Aim of the exercise: An exact repetition of the data below, without images, is the expected answer.

Short descriptive text snippets:
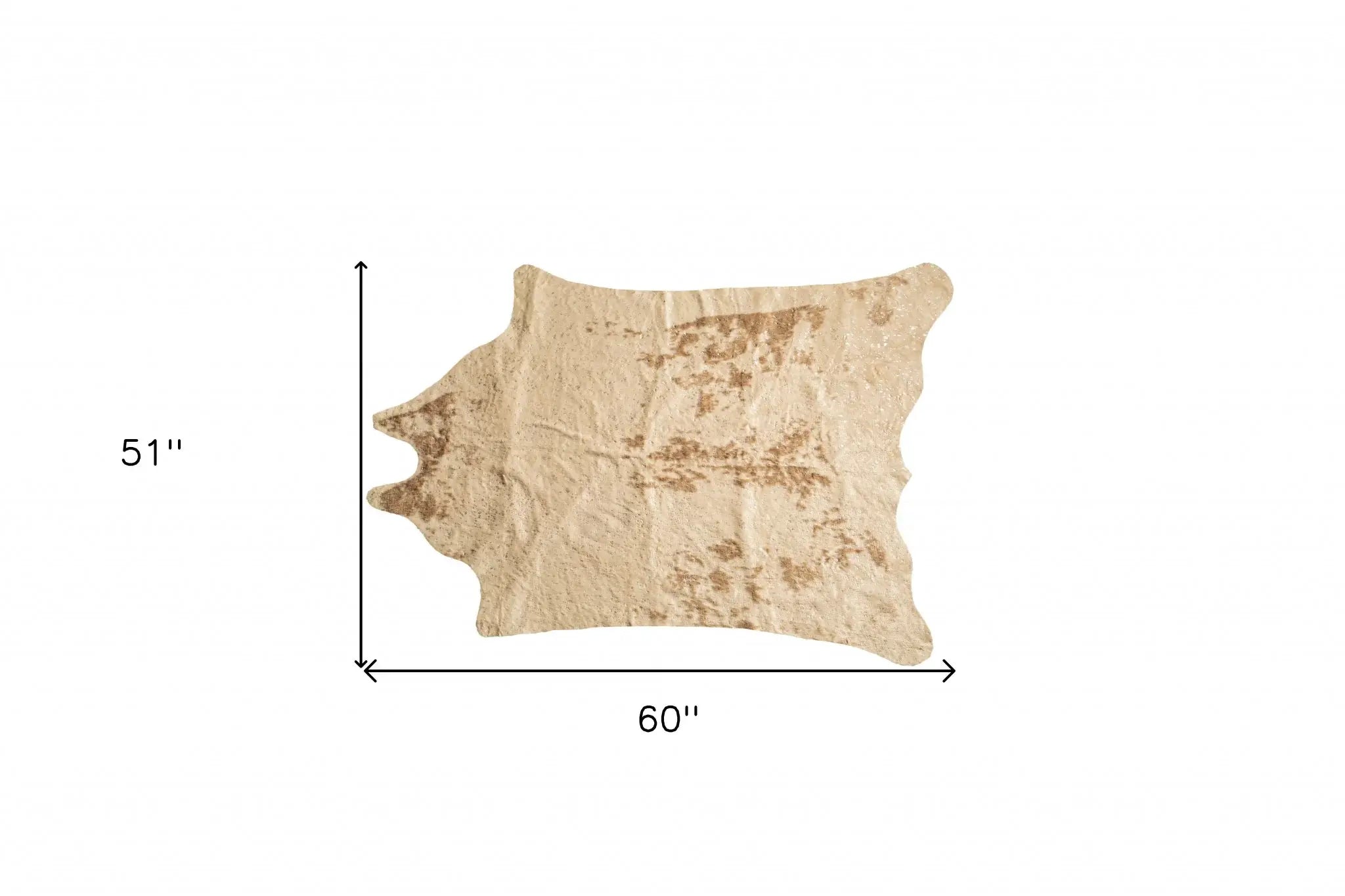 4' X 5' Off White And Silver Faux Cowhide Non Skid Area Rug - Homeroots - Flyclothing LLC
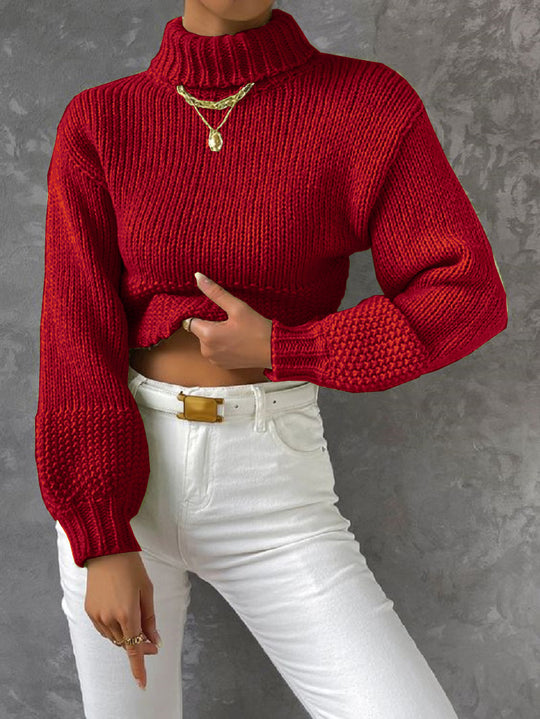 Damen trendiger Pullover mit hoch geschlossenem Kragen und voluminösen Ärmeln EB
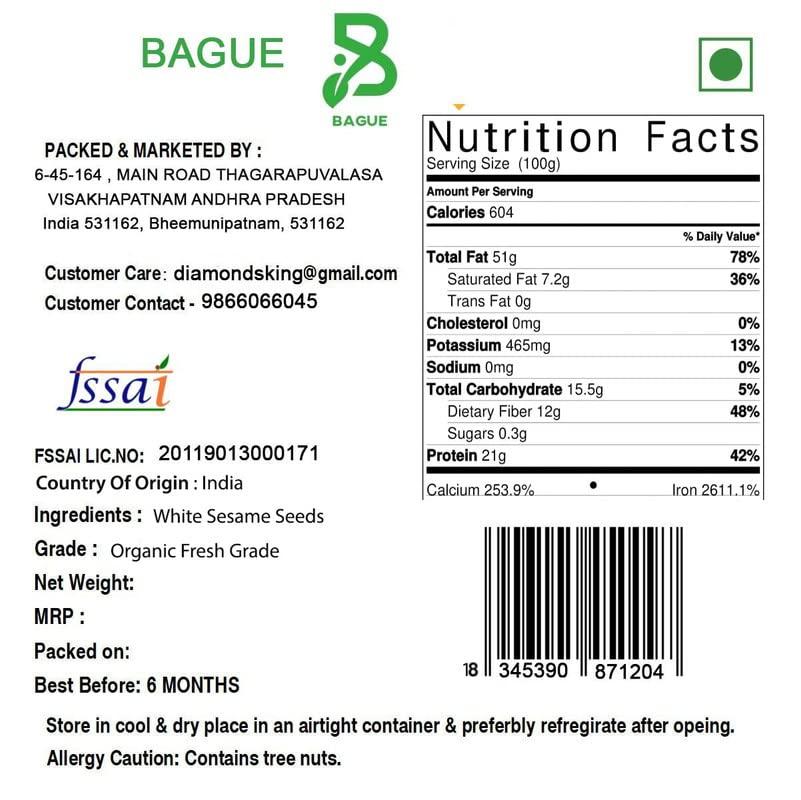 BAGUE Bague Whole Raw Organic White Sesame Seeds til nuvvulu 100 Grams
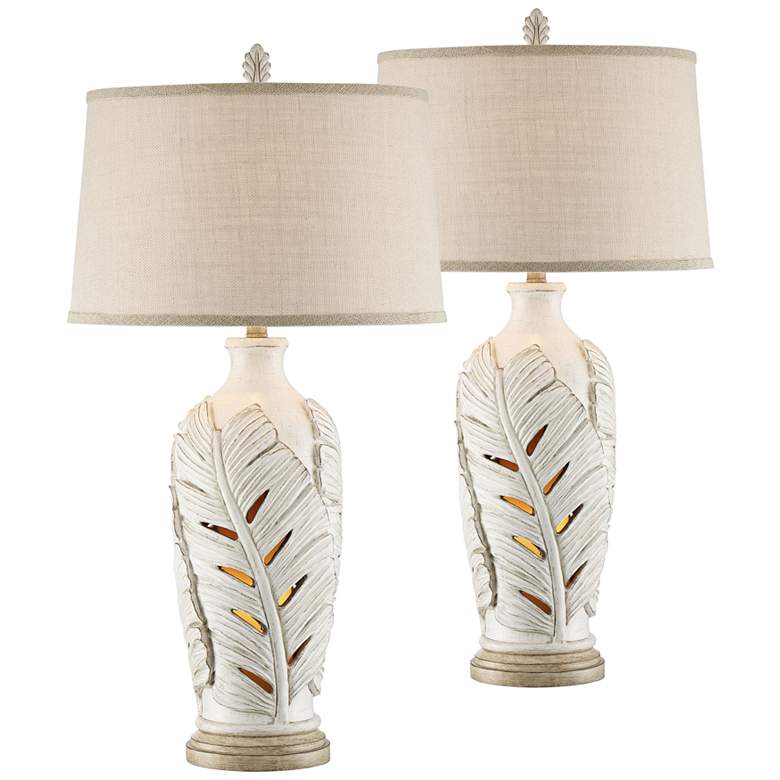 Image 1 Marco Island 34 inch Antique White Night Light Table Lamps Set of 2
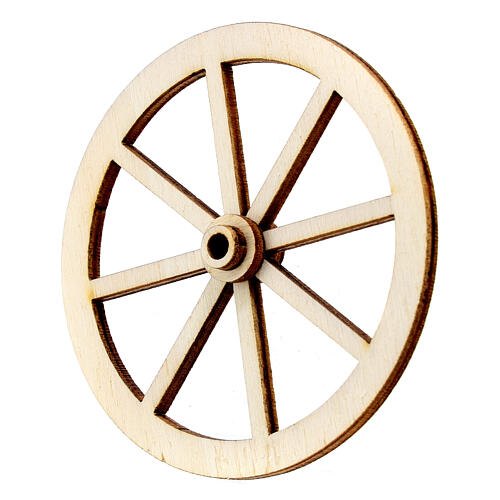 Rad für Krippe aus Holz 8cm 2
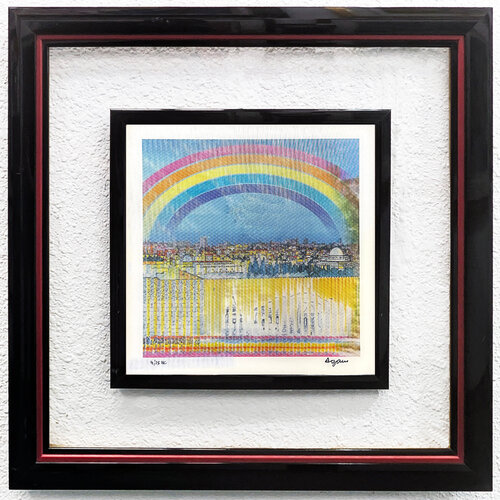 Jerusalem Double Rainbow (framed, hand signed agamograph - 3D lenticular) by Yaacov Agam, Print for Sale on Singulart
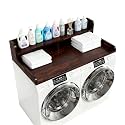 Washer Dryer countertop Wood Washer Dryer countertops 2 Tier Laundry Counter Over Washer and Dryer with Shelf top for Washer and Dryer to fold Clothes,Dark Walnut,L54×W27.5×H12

Your solution:
 4' X 5' Off White And Silver Faux Cowhide Non Skid Area Rug - Homeroots - Flyclothing LLC
 Damen trendiger Pullover mit hoch geschlossenem Kragen und voluminösen Ärmeln EB
 BAGUE Bague Whole Raw Organic White Sesame Seeds til nuvvulu 100 Grams
 Image 1 Marco Island 34 inch Antique White Night Light Table Lamps Set of 2
 Rad für Krippe aus Holz 8cm 2
 Jerusalem Double Rainbow (framed, hand signed agamograph - 3D lenticular) by Yaacov Agam, Print for Sale on Singulart
 Washer Dryer countertop Wood Washer Dryer countertops 2 Tier Laundry Counter Over Washer and Dryer with Shelf top for Washer and Dryer to fold Clothes,Dark Walnut,L54×W27.5×H12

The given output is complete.